Skipjack tuna fill a net in an underwater view of operations between two Philippine vessels fishing on the high seas in 2012. The vessels were using a common technique called purse seining that encircles whole schools of targeted fish, as well as any other marine life that is present. Photo credit: Alex Hofford/Greenpeace.
Vue sous-marine d’un filet rempli de thons roses lors d’une opération de pêche de deux bateaux philippins en haute mer en 2012. Ces bateaux utilisent la technique de pêche à la senne où le filet encercle des bancs de poissons entiers et capture toutes les autres espèces présentes à la surface. Photographie de Alex Hofford, Greenpeace.

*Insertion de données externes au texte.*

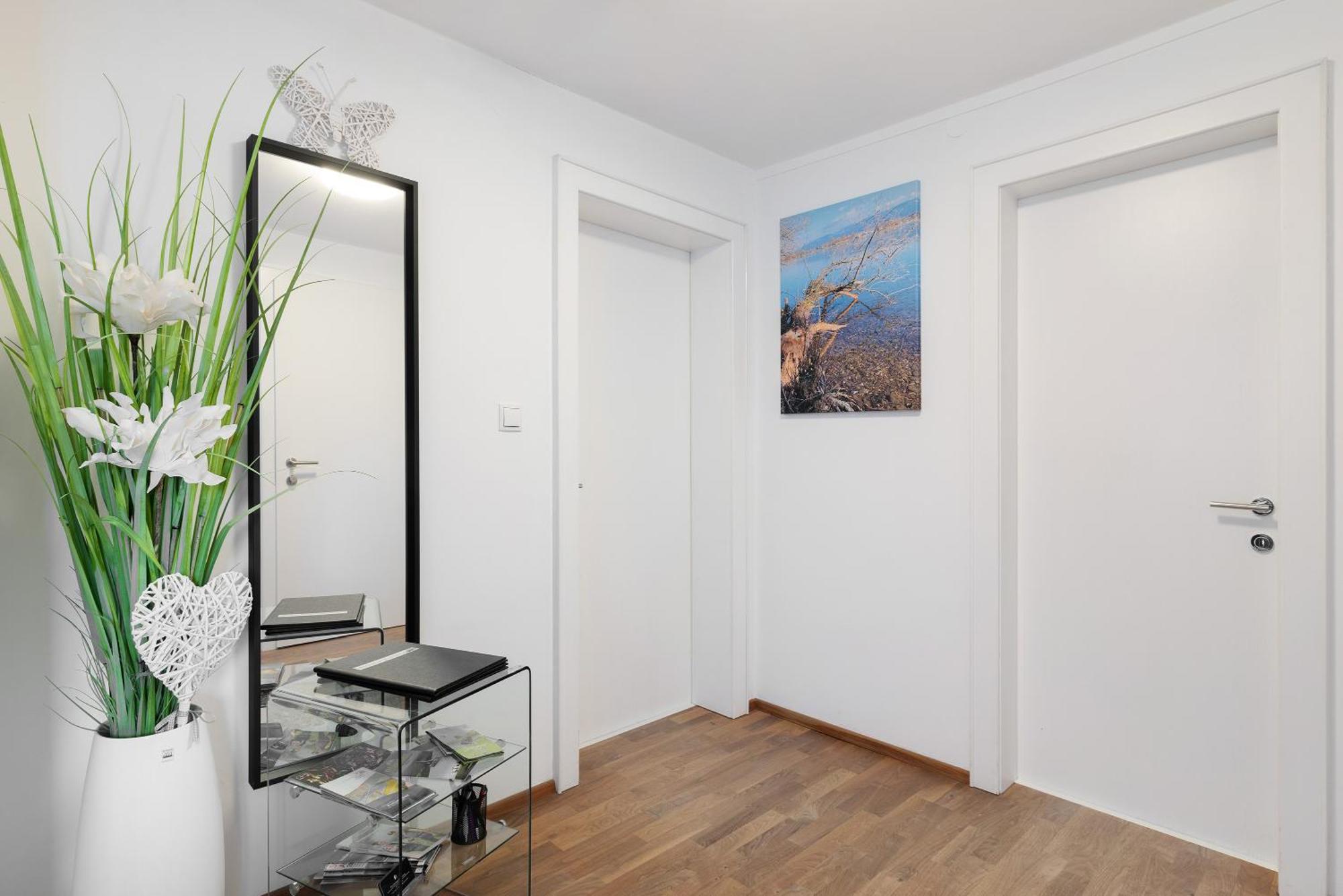 Ferienwohnung Rheintal Хард Экстерьер фото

Alors que la demande de produits de la mer croît et que de nombreuses espèces disparaissent, notamment à cause de la surpêche, les scientifiques proposent une mesure drastique. Ils veulent interdire la pêche en haute mer et faire de celle-ci une sorte de « banque de poissons, de réservoir mondial ». Selon eux, les répercussions sur l’industrie de la pêche seraient nulles et cela permettrait de réduire les inégalités dans la distribution des ressources.

La haute mer désigne les eaux internationales qui n’appartiennent par définition à personne et sont un bien commun. Elles se trouvent au-delà de la Zone Economique Exclusive (ZEE) des Etats, c’est-à-dire le territoire maritime qui s’étend jusqu’à 200 milles nautiques des côtes d’un Etat souverain. De nombreux pays ont développé la pêche en haute mer en parallèle du déclin des stocks côtiers pour maintenir leurs captures. Mais cette activité a mené à la surexploitation des poissons commerciaux et menace les espèces non ciblées ainsi que leur habitat. Aujourd’hui, l’industrie de la pêche en haute mer représente environ 16 milliards de dollars par an, soit 15% des 109 milliards de dollars annuels générés par la pêche au niveau mondial.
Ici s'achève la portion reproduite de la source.